Le programme pour la paix et la coexistence avance dans le dialogue avec les secteurs nationaux

Le député et président de l’Assemblée nationale (AN), Jorge Rodríguez, a présidé ce jeudi une nouvelle réunion du Programme pour la coexistence démocratique et la paix, avec la participation de représentants de différents secteurs d’opposition.

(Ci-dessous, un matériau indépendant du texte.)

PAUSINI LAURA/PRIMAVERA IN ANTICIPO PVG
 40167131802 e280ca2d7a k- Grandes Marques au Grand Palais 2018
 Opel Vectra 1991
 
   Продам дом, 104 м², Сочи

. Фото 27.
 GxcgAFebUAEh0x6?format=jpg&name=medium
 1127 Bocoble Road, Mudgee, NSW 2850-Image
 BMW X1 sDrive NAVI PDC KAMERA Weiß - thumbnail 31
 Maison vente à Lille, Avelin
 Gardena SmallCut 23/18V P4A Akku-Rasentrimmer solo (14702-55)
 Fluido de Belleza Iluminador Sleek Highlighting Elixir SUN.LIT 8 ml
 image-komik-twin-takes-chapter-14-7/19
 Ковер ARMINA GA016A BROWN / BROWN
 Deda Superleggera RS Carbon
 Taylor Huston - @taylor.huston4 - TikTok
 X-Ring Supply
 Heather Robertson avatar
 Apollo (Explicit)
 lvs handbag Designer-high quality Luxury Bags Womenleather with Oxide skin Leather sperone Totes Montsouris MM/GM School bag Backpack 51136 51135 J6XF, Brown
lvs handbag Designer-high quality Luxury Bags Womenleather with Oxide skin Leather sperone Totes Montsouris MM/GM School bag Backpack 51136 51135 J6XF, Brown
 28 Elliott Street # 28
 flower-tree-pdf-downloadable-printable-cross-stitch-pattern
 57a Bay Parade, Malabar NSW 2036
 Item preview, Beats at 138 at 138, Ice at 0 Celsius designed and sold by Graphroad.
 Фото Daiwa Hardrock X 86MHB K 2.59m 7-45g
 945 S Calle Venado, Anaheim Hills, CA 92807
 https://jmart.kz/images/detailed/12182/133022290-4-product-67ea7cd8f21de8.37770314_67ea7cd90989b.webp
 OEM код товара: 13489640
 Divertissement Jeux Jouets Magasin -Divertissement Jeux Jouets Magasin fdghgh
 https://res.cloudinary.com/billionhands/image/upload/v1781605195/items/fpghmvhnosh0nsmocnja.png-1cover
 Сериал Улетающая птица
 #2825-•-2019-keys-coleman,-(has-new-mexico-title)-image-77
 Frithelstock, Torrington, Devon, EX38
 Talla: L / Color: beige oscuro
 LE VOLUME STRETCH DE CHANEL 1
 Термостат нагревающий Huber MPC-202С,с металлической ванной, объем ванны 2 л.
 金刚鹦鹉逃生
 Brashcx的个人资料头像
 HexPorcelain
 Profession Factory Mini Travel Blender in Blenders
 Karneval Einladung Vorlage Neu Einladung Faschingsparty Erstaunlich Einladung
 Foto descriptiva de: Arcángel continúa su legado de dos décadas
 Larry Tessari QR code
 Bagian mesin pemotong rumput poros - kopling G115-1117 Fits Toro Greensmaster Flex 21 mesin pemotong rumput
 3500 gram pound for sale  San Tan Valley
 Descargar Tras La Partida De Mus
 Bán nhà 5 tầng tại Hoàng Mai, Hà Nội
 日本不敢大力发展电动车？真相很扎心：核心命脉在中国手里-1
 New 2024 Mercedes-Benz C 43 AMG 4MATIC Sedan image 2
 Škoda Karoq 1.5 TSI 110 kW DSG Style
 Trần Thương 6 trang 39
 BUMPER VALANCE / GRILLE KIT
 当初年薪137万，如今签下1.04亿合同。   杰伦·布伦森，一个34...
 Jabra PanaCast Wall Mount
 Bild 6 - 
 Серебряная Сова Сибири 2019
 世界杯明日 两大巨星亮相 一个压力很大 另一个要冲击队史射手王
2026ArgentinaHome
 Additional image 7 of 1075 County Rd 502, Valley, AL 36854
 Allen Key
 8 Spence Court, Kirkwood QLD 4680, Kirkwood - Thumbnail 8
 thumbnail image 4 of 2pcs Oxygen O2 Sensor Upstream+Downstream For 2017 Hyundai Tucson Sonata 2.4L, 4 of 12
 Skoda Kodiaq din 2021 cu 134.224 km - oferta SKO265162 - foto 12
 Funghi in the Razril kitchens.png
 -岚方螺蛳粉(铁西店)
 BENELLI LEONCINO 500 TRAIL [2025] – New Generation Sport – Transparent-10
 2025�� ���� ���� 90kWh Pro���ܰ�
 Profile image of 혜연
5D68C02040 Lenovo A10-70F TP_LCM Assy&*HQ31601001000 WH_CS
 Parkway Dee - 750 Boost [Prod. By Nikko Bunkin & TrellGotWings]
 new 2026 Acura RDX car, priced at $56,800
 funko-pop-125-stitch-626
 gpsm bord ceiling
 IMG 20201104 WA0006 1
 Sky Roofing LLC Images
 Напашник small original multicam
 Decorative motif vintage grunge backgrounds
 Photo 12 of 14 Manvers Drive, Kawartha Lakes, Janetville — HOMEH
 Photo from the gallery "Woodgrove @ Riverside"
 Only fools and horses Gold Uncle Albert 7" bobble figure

L’initiative vise à consolider le grand dialogue national, en promouvant la tolérance et le respect entre les acteurs politiques et sociaux.

Rodríguez était accompagné du député Jorge Arreaza, du premier vice-président de l’AN, Pedro Infante, et de la deuxième vice-présidente, Grecia Colmenares, ainsi que de délégués d’organisations politiques d’opposition.

La réunion s’est déroulée conformément à l’appel du président en charge de la République, Delcy Rodríguez, qui a exhorté à renforcer la paix et l’unité nationale comme une priorité dans le contexte politique actuel.

Dialogue national et participation de l’opposition

Le programme vise à intégrer divers secteurs politiques dans un processus de dialogue permettant de surmonter les divergences et de progresser vers un consensus pour le bénéfice de la nation. La présence de représentants de l’opposition à la table de travail a été soulignée comme une étape vers l’instauration de la confiance et la recherche de solutions communes. Jorge Rodríguez a souligné que la coexistence démocratique exige une rectification politique et une volonté de comprendre, réitérant que l’Assemblée nationale est ouverte à l’écoute de toutes les voix.

Le projet de loi d’amnistie en première discussion

Au cours de la journée a eu lieu la première discussion du projet de loi d’amnistie pour la coexistence démocratique, encadré dans l’article 104 du Règlement Intérieur et Débats de l’Assemblée Nationale.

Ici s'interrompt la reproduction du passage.